-- EXERCISE DETAILS --
Only the lines below from the one containing "KTO: Cá Cược" to the one containing "09 SOLVING EQUATIONS PROBLEM 02" should be repeated, both included and unchanged.

-- PROVIDED ENTRIES --
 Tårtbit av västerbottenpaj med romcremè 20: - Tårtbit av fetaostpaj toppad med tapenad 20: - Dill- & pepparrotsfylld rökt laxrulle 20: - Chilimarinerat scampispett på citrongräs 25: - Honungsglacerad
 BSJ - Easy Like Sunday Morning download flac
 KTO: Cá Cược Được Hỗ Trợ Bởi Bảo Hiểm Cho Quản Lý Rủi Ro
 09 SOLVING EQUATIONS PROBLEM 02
* * *
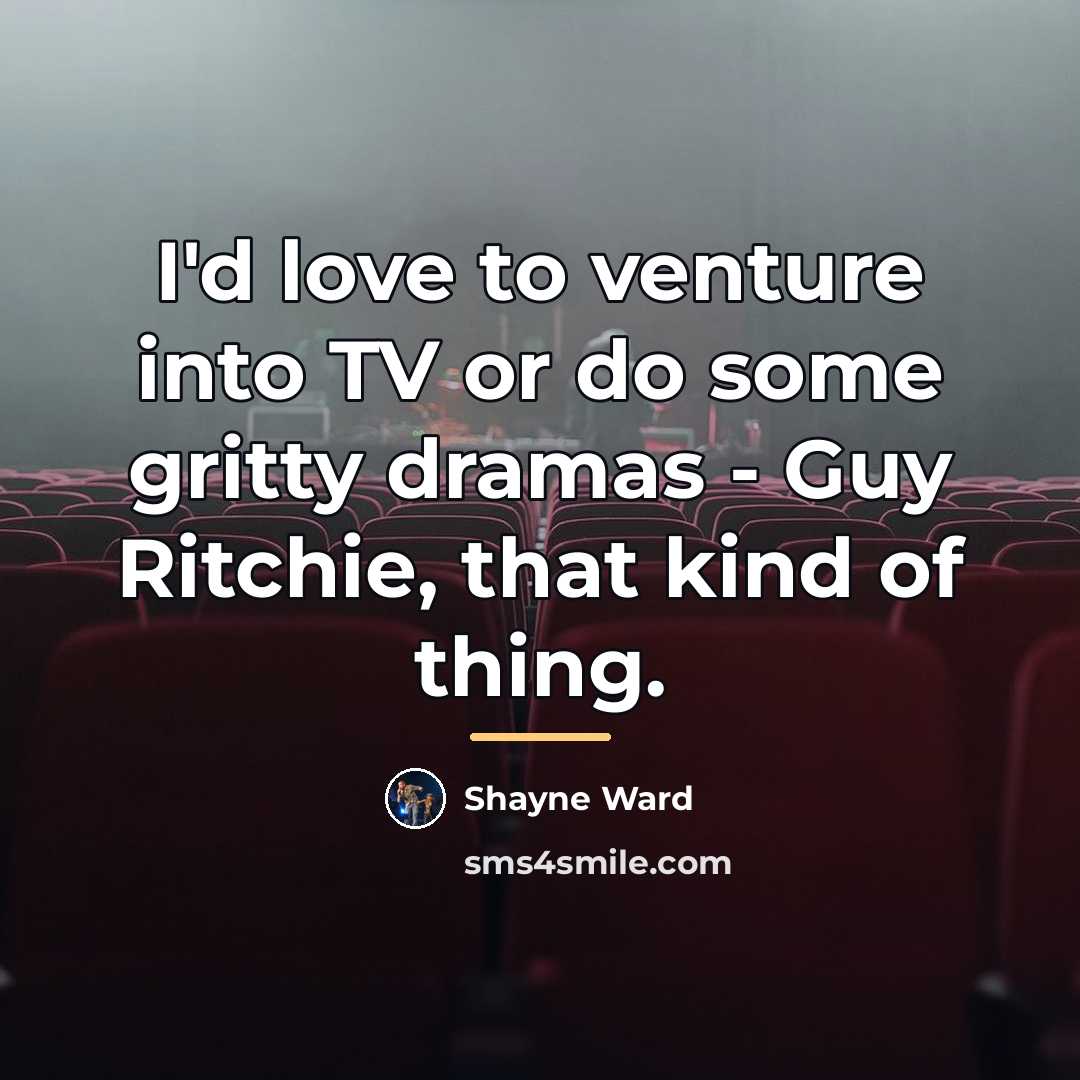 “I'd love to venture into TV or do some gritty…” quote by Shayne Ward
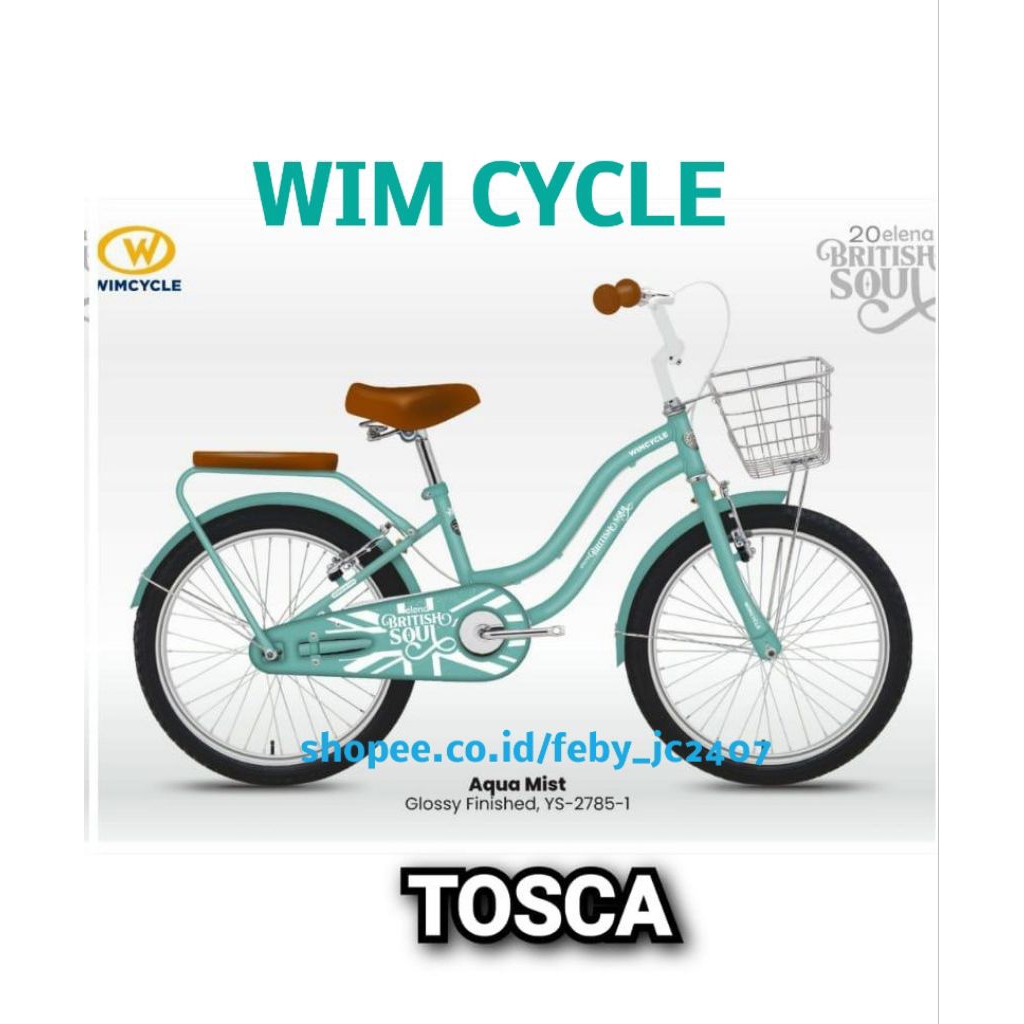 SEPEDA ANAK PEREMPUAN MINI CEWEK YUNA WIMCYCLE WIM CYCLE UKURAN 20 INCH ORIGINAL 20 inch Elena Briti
--
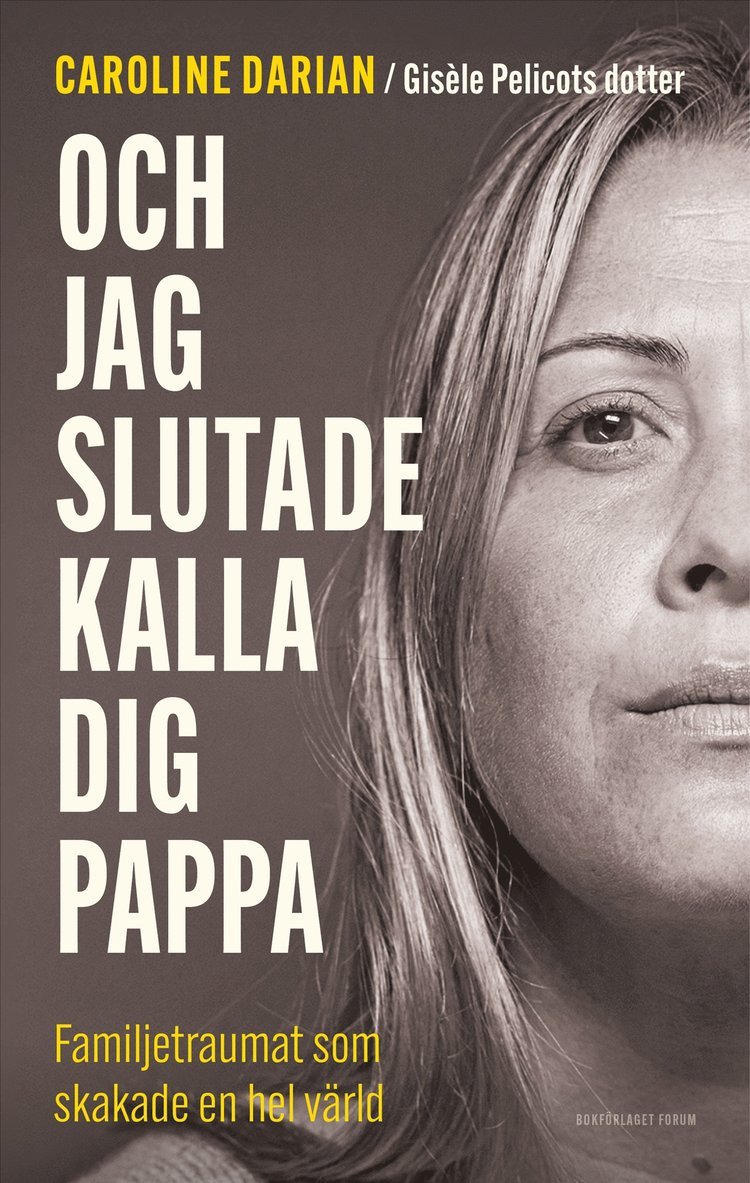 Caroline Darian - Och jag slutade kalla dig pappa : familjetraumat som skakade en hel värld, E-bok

-- EXERCISE ANSWER --
 KTO: Cá Cược Được Hỗ Trợ Bởi Bảo Hiểm Cho Quản Lý Rủi Ro
 09 SOLVING EQUATIONS PROBLEM 02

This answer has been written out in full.